The VAT rate is zero for:
- exports;
- intra-Community supply;
- sea-going vessels and aircrafts used in international routes, equipment, spare parts and fuel used on such vessels or aircrafts and the repair, maintenance, chartering and hiring of or establishment of a usufruct of such vessels or aircrafts;
- goods and services supplied to passengers for consumption on board of vessels and aircrafts moving on international routes; the provision of port services to meet the direct needs of vessels navigating in international waters and the provision of navigation services and airport services to meet the direct needs of aircraft used mostly on international routes;
- goods transferred and transported to another Member State to a diplomatic representative, consular agent (except honorary consul), a representative or representation of a special mission or an international organisation or consular post of a foreign state, a special mission or Community institution or to Member State of NATO intended either for the use of the forces of other NATO Member States or of the civilian staff accompanying them, or for supplying their messes or canteens when such forces take part in the common defence effort;
- non-Community goods placed in a free zone or free warehouse under customs procedures;
- Community goods placed under tax warehousing arrangements.

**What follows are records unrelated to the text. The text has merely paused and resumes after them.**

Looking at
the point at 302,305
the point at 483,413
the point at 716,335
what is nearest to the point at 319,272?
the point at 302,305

In case of VAT exempted goods or services, input VAT is not deductible.


Exempted goods and services are:
- postal services
- health services
- social services
- insurance services
- services for the protection of children
- transportation of sick, injured or disabled persons
- supply of immovables
- the leasing and letting of immovables


 

Estonia Social Tax

Social tax rate is generally 33 per cent, in particular special cases 13 per cent of the taxable amount. Taxes are due monthly and the remittance of tax is made congruent with the remittance of withholding tax; the tax is paid by the 10th day of the following month. Taxable period for business income of sole proprietors is a calendar year, whereas quarterly advance payments of tax are due.

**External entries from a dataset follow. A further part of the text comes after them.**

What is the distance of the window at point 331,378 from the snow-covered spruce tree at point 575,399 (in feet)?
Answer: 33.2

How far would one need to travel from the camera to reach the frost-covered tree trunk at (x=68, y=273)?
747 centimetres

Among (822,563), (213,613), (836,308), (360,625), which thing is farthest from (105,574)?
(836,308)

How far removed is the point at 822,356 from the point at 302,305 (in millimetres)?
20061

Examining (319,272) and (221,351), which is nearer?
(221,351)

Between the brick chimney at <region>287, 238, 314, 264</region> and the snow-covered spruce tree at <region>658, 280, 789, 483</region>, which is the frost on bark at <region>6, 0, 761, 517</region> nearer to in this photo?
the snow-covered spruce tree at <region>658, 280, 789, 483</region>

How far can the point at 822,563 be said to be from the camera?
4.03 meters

Tax Allocation - From January 1, 1999 the social tax payable is personalized and in making pension payments will be taken into account. Tax accrues to the budget of state health insurance fund (13%) and pension insurance fund (20%; 16% + 4% in case of persons who have joined the second pillar of the pension insurance system).


 

Estonia Land Tax

Eligibility
National land tax is paid on all land except: (1) where economic activity is prohibited; (2) land attached to buildings of diplomatic or consular missions of foreign countries; (3) cemeteries and land under churches and temples of congregations; (4) land used by foreign country or international organisation; (5) land in the use of the headquarters of allied forces. In addition, local land tax is not paid on land in municipal ownership or land in public use based on the decision of the local authority.
 

Tax Base
Taxable value is determined by Law on Land Value.


Exemptions
There are exemptions, which are following:

1. The rate of land tax for areas under cultivation used for the production of agricultural products and for natural grassland is  0,1 to 2,0 per cent of the assessed value of the land annually.
2. Recipients of pensions and persons who were repressed by Soviet authorities may be exempted from the obligation to pay land tax on up to 0,1 hectares in cities and 1,0 hectare in rural municipalities on the condition that the applicant for the tax exemption uses the land for living and does not receive rent on the basis of the right of use of land.


Tax Rates
Land tax rate is  0,1 - 2,5 per cent of taxable value. Land where economic activity is restricted by law is either exempted from tax completely or by 50% of the standard tax rate, depending on the nature of restriction. Tax is paid 3 times a year on the 15th of April, July, and October.
 

Tax Allocation
The tax accrues wholly to local budgets of the cities and rural municipalities. The tax is administered by the Estonian Tax and Customs Board.